La storia da cui nasce tutto è vera. E si sente. Si sente nella scrittura, nella regia, persino nei costumi e nelle musiche. È tratta da un libro di inchiesta di David Grann, che racconta la cosiddetta “Reign of Terror”: un periodo oscuro in cui diversi membri della comunità Osage vennero assassinati per mettere le mani sulle loro ricchezze.


Non si parla solo di soldi. Si parla di potere, di identità, di fiducia tradita. Temi che oggi suonano più attuali che mai. E forse è proprio questo a rendere il film così forte: la capacità di collegare il passato a ciò che ancora oggi accade, magari con forme diverse, ma dinamiche simili.

Tra le cose che colpiscono di più:


  • La regia elegante ma mai compiaciuta
  • Una fotografia che racconta da sola intere sequenze
  • La colonna sonora di Robbie Robertson, intensa e a tratti struggente
  • Il modo in cui viene mostrata la cultura Osage, con rispetto e attenzione

Il film ha ricevuto 10 nomination agli Oscar, e non per caso. Ogni elemento è al suo posto, ogni dettaglio ha un peso. Non c’è niente di superfluo.

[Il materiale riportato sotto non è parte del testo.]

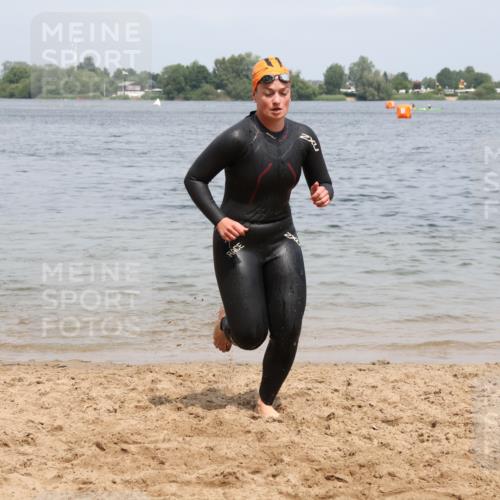 21.06.2025 - 27. Vierlanden-Triathlon Lena Gebhardt http://msf.ph/oto/8039044 15.06.2025 12:30:03 Schwimmen 1073, 1074, 1075, 1076 meine-sportfotos.de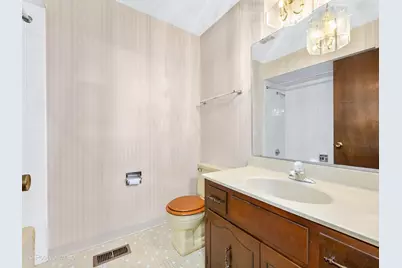 1642 Clemens Road, Darien, IL 60561 - Photo 17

Una storia vera che colpisce più della finzione

A volte si ha l’impressione che il passato sia lontano, quasi irreale. Ma guardando questo film, quella distanza si accorcia. Si entra dentro la storia, la si sente sulla pelle. E non perché ci sia chissà quale spettacolarizzazione, ma perché tutto è raccontato con una sincerità disarmante.

La tragedia della tribù Osage non è un semplice fatto storico, è un simbolo. Di come l’avidità può mascherarsi da affetto. Di come la giustizia, a volte, arriva tardi. E di quanto è importante ricordare.

Non è un film comodo. Non si esce leggeri dopo averlo visto. Ma è proprio questo a renderlo necessario. Scorsese non cerca di dare risposte, ma di far porre domande. E lo fa senza giudicare, lasciando allo spettatore il compito più difficile: capire da che parte stare.

C’è ancora tempo per vederlo, ma non molto. Dopo il 17 luglio potrebbe sparire dal radar, come succede spesso con i titoli più scomodi. Meglio non aspettare l’ultimo secondo. Perché certi film non sono solo da guardare. Sono da vivere, da ascoltare, da lasciare decantare. E questo, senza dubbio, è uno di quelli.